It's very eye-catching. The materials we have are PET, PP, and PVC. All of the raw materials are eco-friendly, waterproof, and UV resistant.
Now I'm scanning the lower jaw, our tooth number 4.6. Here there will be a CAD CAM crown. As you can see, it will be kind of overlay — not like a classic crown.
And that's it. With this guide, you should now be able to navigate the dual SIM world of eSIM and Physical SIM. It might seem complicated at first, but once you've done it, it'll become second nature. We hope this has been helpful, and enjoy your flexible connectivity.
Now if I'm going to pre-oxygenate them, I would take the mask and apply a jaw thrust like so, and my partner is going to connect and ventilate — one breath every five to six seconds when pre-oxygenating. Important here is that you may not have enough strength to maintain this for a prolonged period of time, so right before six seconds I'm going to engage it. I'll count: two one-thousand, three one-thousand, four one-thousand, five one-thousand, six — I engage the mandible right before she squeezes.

==

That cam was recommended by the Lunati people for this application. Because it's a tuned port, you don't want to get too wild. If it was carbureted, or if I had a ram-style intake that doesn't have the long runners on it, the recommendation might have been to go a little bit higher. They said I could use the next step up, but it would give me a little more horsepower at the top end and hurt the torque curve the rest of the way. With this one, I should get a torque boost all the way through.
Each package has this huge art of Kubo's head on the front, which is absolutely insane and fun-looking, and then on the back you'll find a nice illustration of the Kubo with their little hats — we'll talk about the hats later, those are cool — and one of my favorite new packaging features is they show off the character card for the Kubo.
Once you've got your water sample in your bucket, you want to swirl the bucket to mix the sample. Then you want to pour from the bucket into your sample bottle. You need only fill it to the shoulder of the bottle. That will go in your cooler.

...

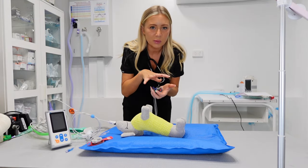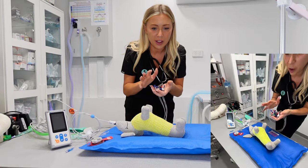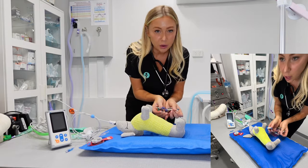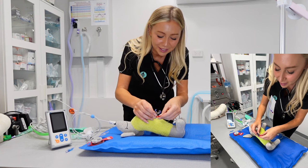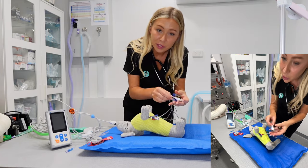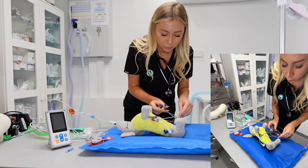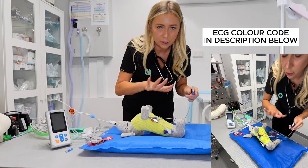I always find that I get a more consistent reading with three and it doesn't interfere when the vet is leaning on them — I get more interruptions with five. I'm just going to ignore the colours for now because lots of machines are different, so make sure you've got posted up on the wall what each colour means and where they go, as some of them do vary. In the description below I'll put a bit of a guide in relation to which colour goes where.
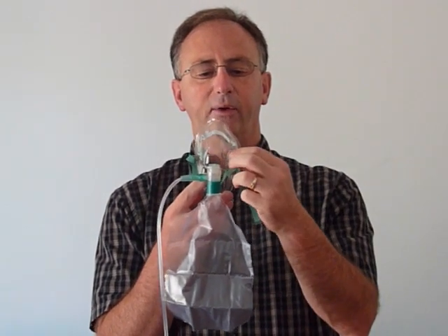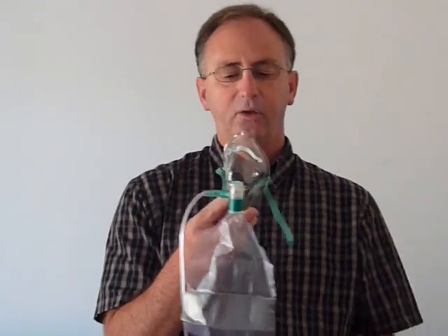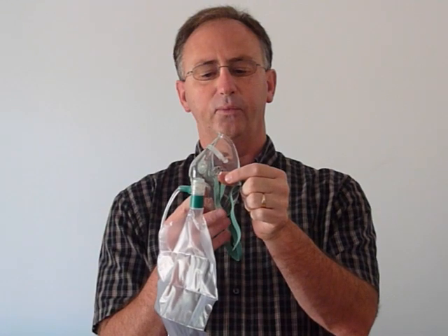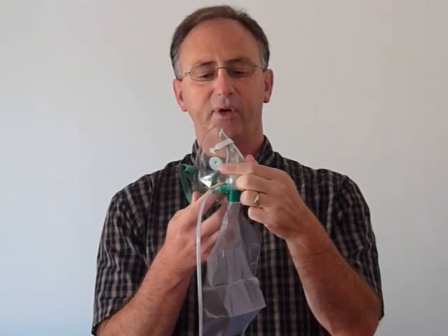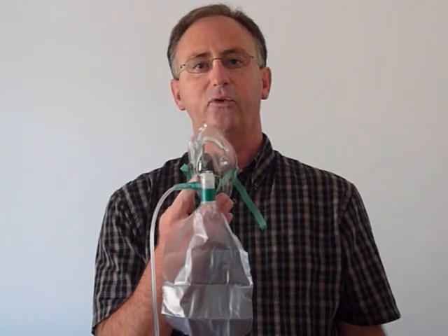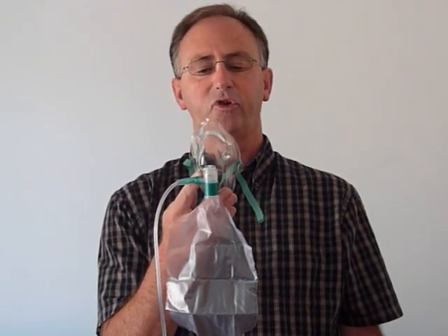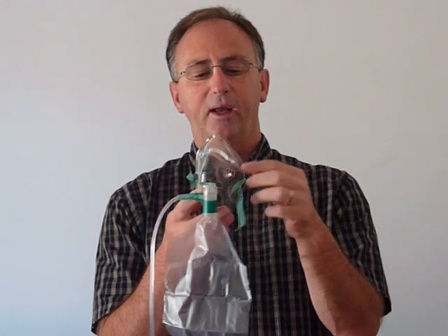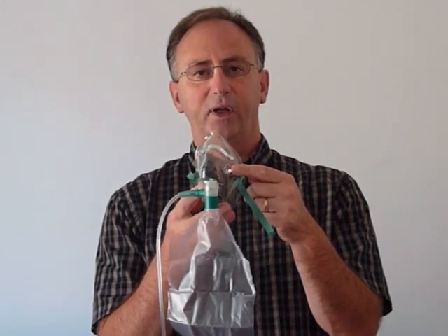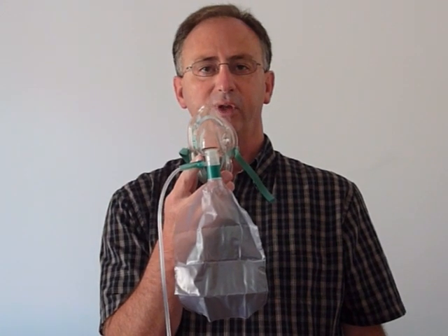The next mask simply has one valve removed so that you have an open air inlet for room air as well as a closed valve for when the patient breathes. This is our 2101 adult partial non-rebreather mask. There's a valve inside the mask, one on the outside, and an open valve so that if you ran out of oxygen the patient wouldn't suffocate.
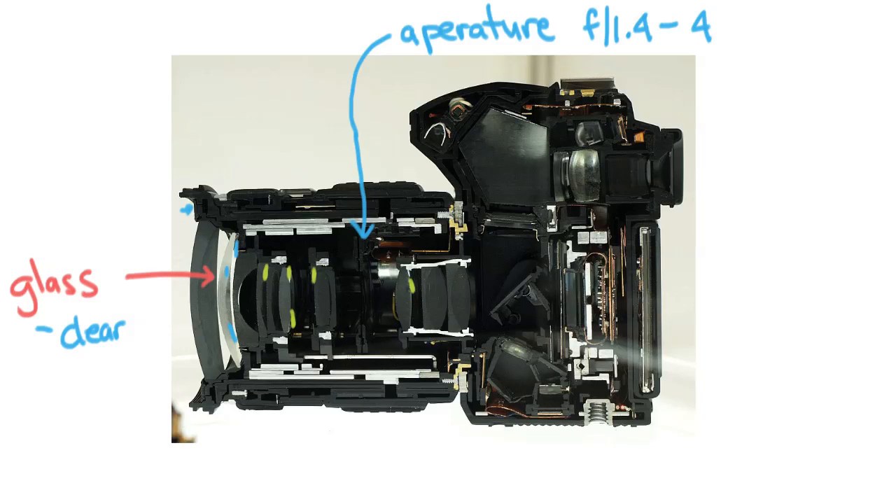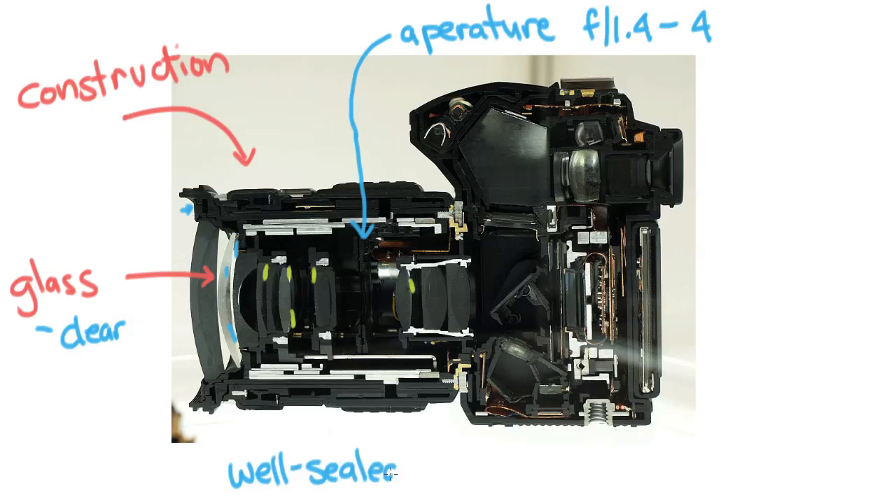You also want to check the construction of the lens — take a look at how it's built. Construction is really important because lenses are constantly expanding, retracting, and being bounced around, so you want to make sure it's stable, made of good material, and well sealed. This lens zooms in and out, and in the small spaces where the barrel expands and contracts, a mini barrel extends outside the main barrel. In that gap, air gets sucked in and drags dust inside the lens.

§ **ASSIGNMENT**
Once you reach the line with "It's very eye-catching." in the data above, copy it and every line after it exactly, up to and including the line with "Now if I'm going".

§ **EXPECTED OUTPUT**
It's very eye-catching. The materials we have are PET, PP, and PVC. All of the raw materials are eco-friendly, waterproof, and UV resistant.
Now I'm scanning the lower jaw, our tooth number 4.6. Here there will be a CAD CAM crown. As you can see, it will be kind of overlay — not like a classic crown.
And that's it. With this guide, you should now be able to navigate the dual SIM world of eSIM and Physical SIM. It might seem complicated at first, but once you've done it, it'll become second nature. We hope this has been helpful, and enjoy your flexible connectivity.
Now if I'm going to pre-oxygenate them, I would take the mask and apply a jaw thrust like so, and my partner is going to connect and ventilate — one breath every five to six seconds when pre-oxygenating. Important here is that you may not have enough strength to maintain this for a prolonged period of time, so right before six seconds I'm going to engage it. I'll count: two one-thousand, three one-thousand, four one-thousand, five one-thousand, six — I engage the mandible right before she squeezes.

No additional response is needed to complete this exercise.